A deux reprises, votre commission des lois s'est opposée à une telle perspective 13 ( * ) . En effet, si la procédure de l'ordonnance pénale a montré son utilité dans le traitement de contentieux extrêmement simples (tels que les infractions au code de la route notamment), votre commission considère qu'elle n'est pas nécessairement adaptée pour des contentieux plus complexes, en particulier dans le cadre du traitement en temps réel des affaires pénales où l'analyse du parquet se fonde exclusivement sur les éléments recueillis au cours de l'enquête de police. Or, la procédure de l'ordonnance pénale ne permet à aucun moment à la personne d'être entendue par un magistrat, à moins qu'elle ne fasse opposition.

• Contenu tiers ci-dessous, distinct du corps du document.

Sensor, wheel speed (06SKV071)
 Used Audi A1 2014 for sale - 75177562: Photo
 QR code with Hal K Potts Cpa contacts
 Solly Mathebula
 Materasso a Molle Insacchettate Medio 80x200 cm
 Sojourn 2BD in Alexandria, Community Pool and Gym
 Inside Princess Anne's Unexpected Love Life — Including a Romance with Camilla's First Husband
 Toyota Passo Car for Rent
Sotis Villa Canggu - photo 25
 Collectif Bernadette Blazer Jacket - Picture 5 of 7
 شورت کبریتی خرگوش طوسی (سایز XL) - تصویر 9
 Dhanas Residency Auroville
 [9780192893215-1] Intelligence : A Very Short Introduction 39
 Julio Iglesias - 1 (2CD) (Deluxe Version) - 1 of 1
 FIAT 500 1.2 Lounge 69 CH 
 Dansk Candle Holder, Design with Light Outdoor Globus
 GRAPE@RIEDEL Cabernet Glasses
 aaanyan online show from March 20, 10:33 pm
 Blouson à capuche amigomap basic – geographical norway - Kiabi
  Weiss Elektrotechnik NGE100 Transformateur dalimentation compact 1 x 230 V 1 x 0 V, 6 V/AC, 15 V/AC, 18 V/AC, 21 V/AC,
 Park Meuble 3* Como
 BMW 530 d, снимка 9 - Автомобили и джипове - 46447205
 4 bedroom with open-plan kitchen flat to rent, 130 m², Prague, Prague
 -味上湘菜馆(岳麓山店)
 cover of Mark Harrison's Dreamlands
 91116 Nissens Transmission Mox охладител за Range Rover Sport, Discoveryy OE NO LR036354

Ces arguments semblent avoir été entendus par le Gouvernement, puisque l'article 20 du projet de loi propose d'étendre le champ de l'ordonnance pénale de façon strictement encadrée :
- d'une part, son champ serait étendu à un certain nombre de délits précisément énumérés. Par ailleurs, le parquet ne pourrait avoir recours à cette voie de poursuite que lorsque les faits sont « simples et établis » et « de faible gravité » ;
- d'autre part, non seulement le projet de loi ne reprend pas la proposition, formulée dans le rapport Guinchard, d'ouvrir la possibilité de prononcer des peines d'emprisonnement avec sursis par cette voie, mais, en outre, le montant maximal de l'amende susceptible d'être prononcée serait limité à la moitié du montant de l'amende encourue, sans pouvoir excéder 5.000 euros.
Reprenant en revanche sur ce point une proposition du rapport Guinchard, le projet de loi ouvre par ailleurs au président du tribunal la possibilité de se prononcer sur la demande de dommages et intérêts ou de restitution formulée au cours de l'enquête de police par la victime, dans des conditions préservant les droits de l'ensemble des parties.
* 12 Source : casier judiciaire national. Données provisoires pour l'année 2009.
* 13 A l'occasion de la loi du 9 mars 2004 relative à l'adaptation de la justice aux évolutions de la criminalité puis de la loi du 12 mai 2009 de simplification et de clarification du droit et d'allègement des procédures.